(WORK ORDER): Print the whole listing below exactly as given, pictures excluded.

Top of DATA EXTRACT

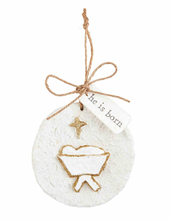 Load image into Gallery viewer, Paper Mache Glitter Ornament
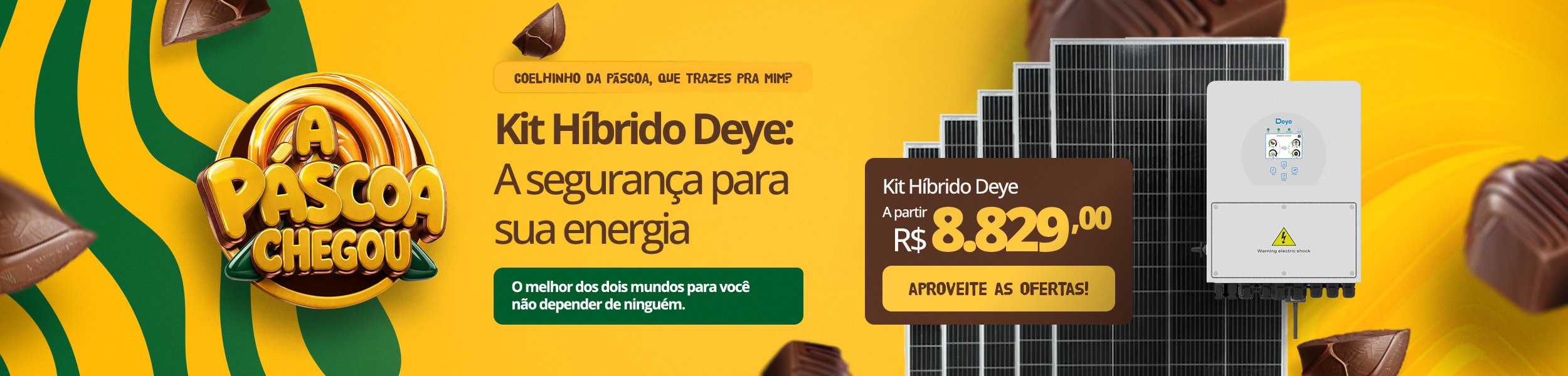 Kit Hibrido Deye Pascoa 2026 | Desktop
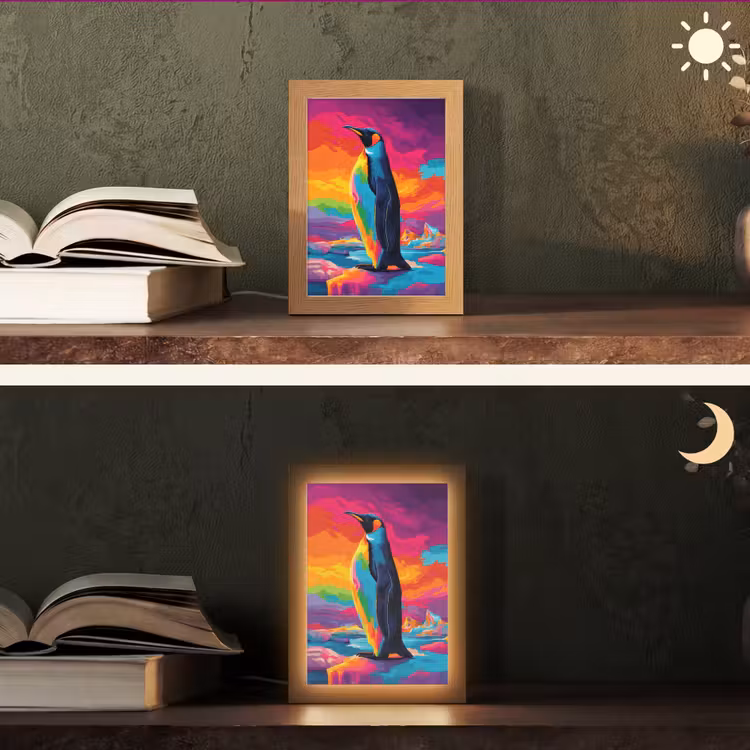 Tafellamp - Ijsschots - Pinguïn - Abstract - Lucht — 5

Bottom of DATA EXTRACT

(WRITTEN ANSWER):
 Load image into Gallery viewer, Paper Mache Glitter Ornament
 Kit Hibrido Deye Pascoa 2026 | Desktop
 Tafellamp - Ijsschots - Pinguïn - Abstract - Lucht — 5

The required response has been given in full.